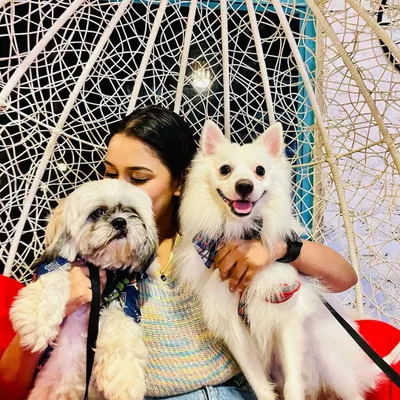 A happy mom with her two fur babies celebrating a birthday at our cafe. Our space is perfect for bringing the whole family together for a tail-wagging good time.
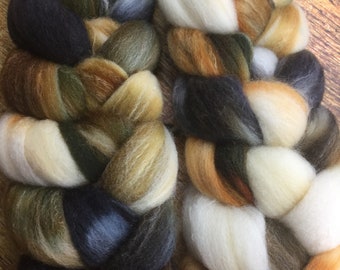Targhee Bamboo and Silk Combed Top Roving Owls Colorway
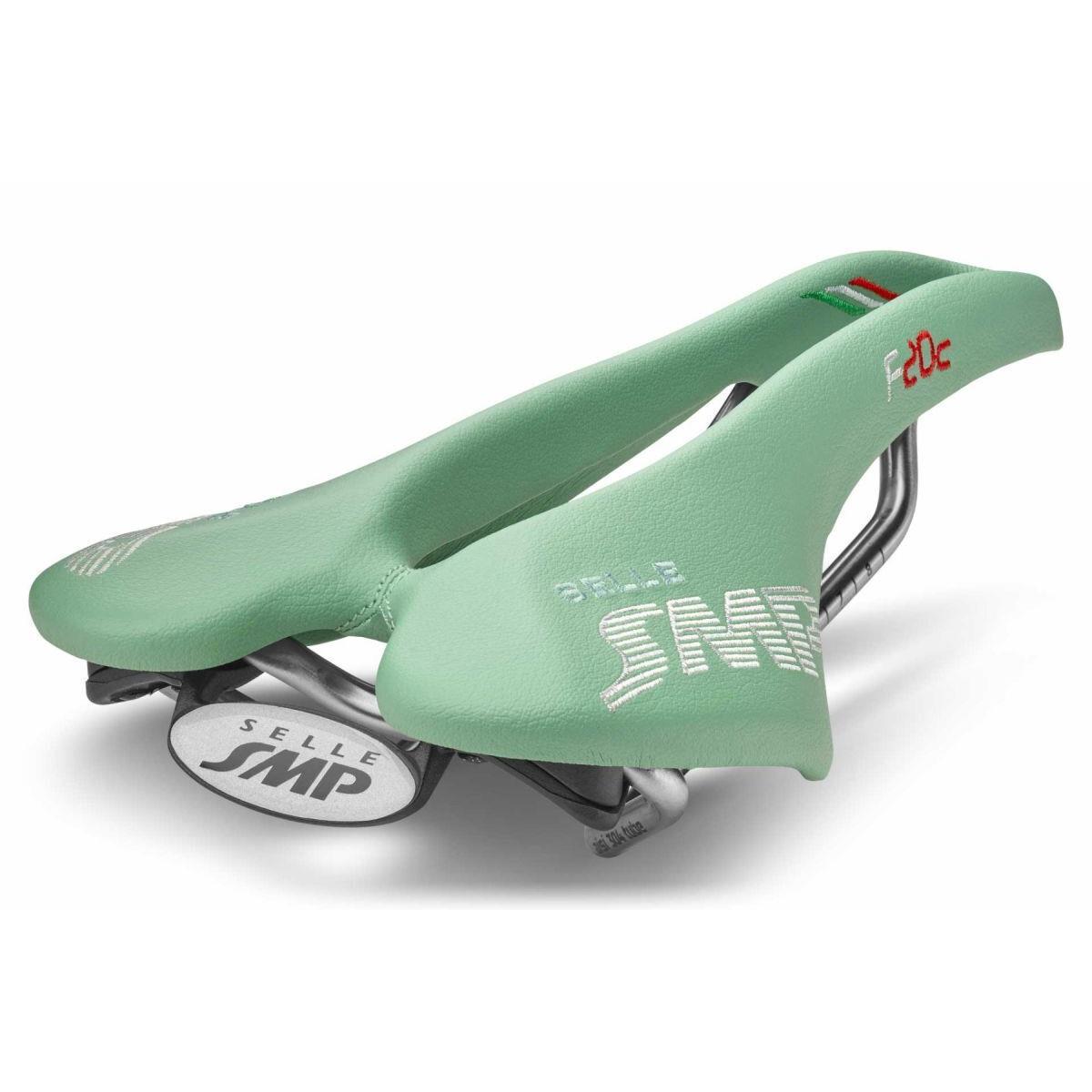 Selle Smp F20C Bicycle Saddle with Steel Rail Celeste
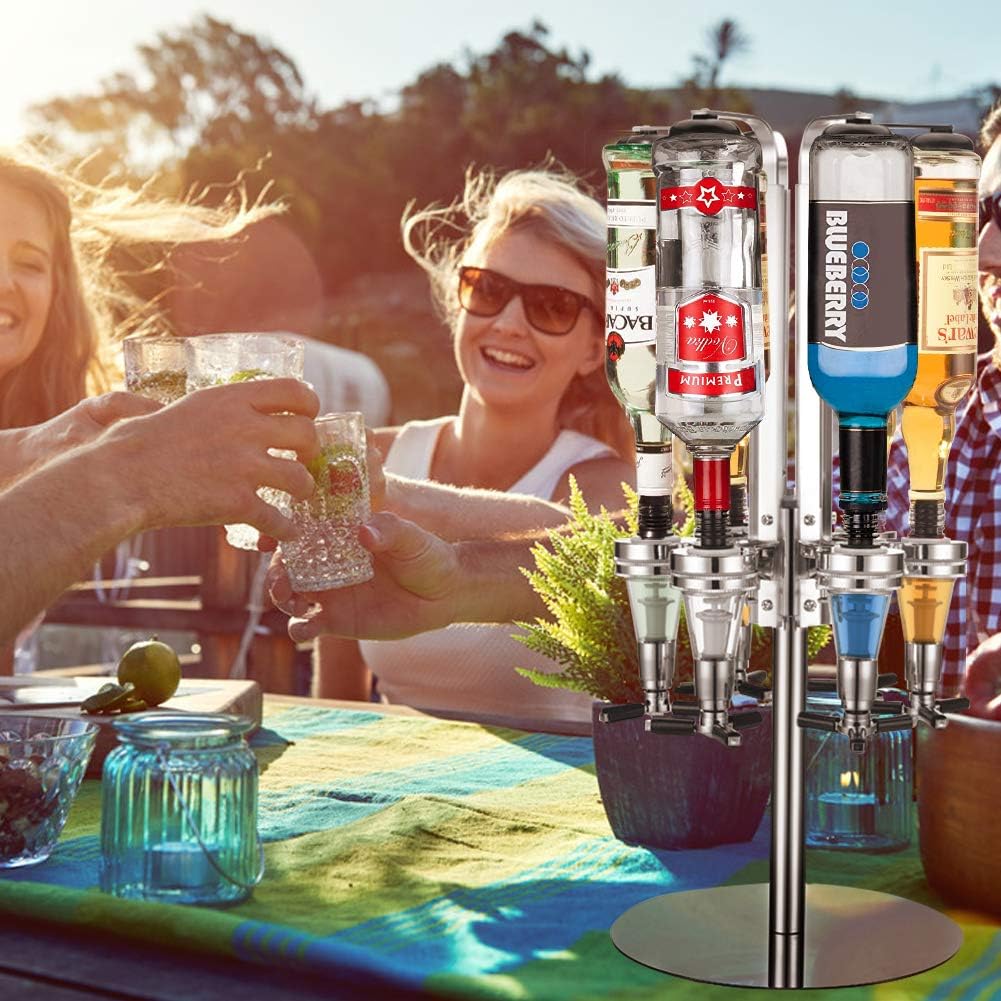 Liquor Dispenser, 6 Bottle Revolving Alcohol Rotating Dispenser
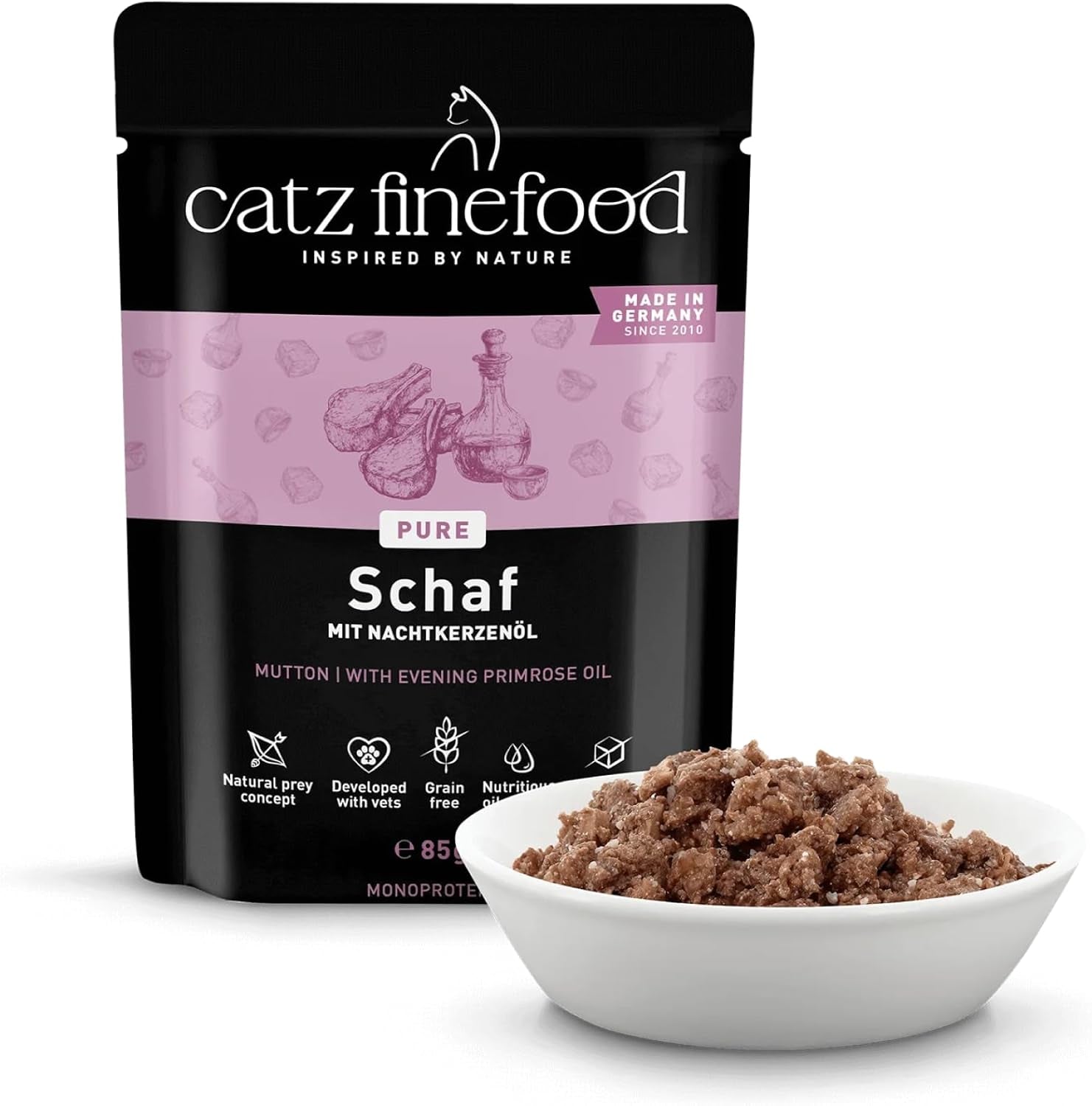 Natvoer voor katten Catz Finefood Purrrr Schaap Monoproteïne nr. 113, voor katten met een gevoelige spijsvertering, 70% vleesgehalte, 16 zakjes à 85 g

======

AIM OF THE TASK — When you write out the material, reproduce each line exactly and omit any picture it holds.

TASK OUTPUT —
 A happy mom with her two fur babies celebrating a birthday at our cafe. Our space is perfect for bringing the whole family together for a tail-wagging good time.
Targhee Bamboo and Silk Combed Top Roving Owls Colorway
 Selle Smp F20C Bicycle Saddle with Steel Rail Celeste
 Liquor Dispenser, 6 Bottle Revolving Alcohol Rotating Dispenser
 Natvoer voor katten Catz Finefood Purrrr Schaap Monoproteïne nr. 113, voor katten met een gevoelige spijsvertering, 70% vleesgehalte, 16 zakjes à 85 g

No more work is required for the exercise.